Syn Cher walczy z uzależnieniem. Odrzuca jej pomoc
Okazuje się, że gwiazda, która chciała objąć syna kuratelą, spotkała się ze sprzeciwem sądu. Powód jest prozaiczny - prawnicy artystki mieli nie przekazać adwokatom jej syna niezbędnych dokumentów. Przez to nie mieli mieć możliwości przygotowania się do posiedzenia. Kolejne posiedzenie w tej sprawie odbędzie się 29 stycznia.
78-letnia wokalistka przyznawała, że taka osoba jest "pilnie potrzebna" by zapanować nad "utratą lub uszkodzeniem" jego majątku. Utrzymywała także, że jej pociecha "nie jest w stanie zarządzać swoimi aktywami" - wszystko z powodu problemów psychicznych, a także nadużywania substancji. Objęcie kurateli nad synem miałoby zabezpieczyć jego finanse uznając jego żonę za częściowo winną jego złego stanu. "(...) Ich burzliwy związek był naznaczony cyklem uzależnienia od narkotyków i kryzysów zdrowia psychicznego" - pisze wokalistka.
Podczas rozprawy, która odbyła się 5 stycznia, reprezentująca artystkę mecenas Gabrielle Vidal stwierdziła, że ustanowienie tymczasowej kurateli nad Elijahem Blue Allmanem jest "sprawą życia i śmierci". Taka argumentacja nie wpłynęła jednak znacząco na sędzię Jessikę A. Uzcategui, która odrzuciła wniosek.
Wygląda jednak na to, że gwiazda niewiele wskóra swoimi prośbami.

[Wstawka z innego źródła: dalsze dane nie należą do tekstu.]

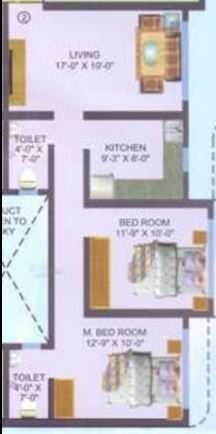 Floor plan of 2 BHK 954 Sq. Ft. Apartment in Chaubey Splendor I, Mumbai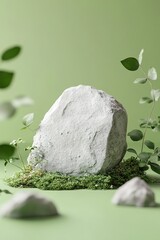 Poster - The moss-covered rock is surrounded by small green leaves and trailing vines, adorned with dewdrops that catch the light in a serene setting of soft green and beige gradients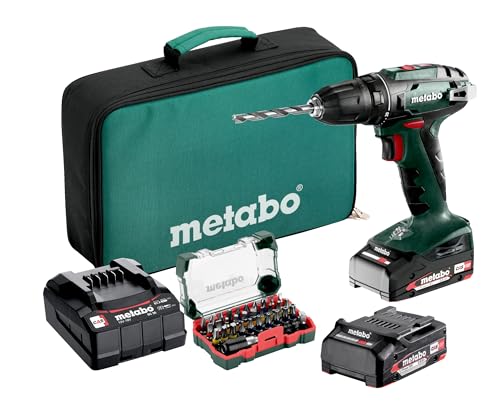 metabo-bs-18-akku-bohrschrauber-set-18-v-2-akkus-2-0-ah-ladeger-t-32-teilige-bit image 5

Głos zabrał sam zainteresowany, który utrzymuje, że wychodzi na prostą. "Jak wiele osób zmagałem się z uzależnieniem i wydawałem pieniądze w sposób, który nie zawsze był odpowiedzialny. Obecnie jestem pod opieką doktora Howarda Samuelsa i chodzę na spotkania AA" - wyjaśnił Allman w pisemnym oświadczeniu złożonym w sądzie. Utrzymywał także, że jest w stanie sam zarządzać swoimi pieniędzmi.
"Nie czułbym się komfortowo, gdyby moja mama pełniła rolę mojego opiekuna. Od ponad 90 dni jestem czysty i zdolny do tego, by w pełni zarządzać pieniędzmi, które otrzymuję kwartalnie z funduszu powierniczego pozostawionego przez mojego zmarłego ojca. Rozumiem, że moja mama dba o mój najlepszy interes, doceniam jej miłość i wsparcie, ale nie potrzebuję jej pomocy ani wsparcia" - powiedział przed sądem syn artystki.
O tym, że Allman ma problem z używkami, wiadomo od lat. On sam już wcześniej wyznał, że po raz pierwszy eksperymentował z twardymi narkotykami w młodym wieku. "Chciałem po prostu uciec od wszystkich mrocznych rzeczy z mojej przeszłości. Miałem kilka momentów, gdy byłem bliski skończenia ze sobą" - wyznał w "Entertainment Tonight". Od początku drugiej dekady XXI wieku Allman na zmianę przebywa na odwyku i wraca do nałogu. Podobnie niestabilnie wyglądają jego relacje z matką.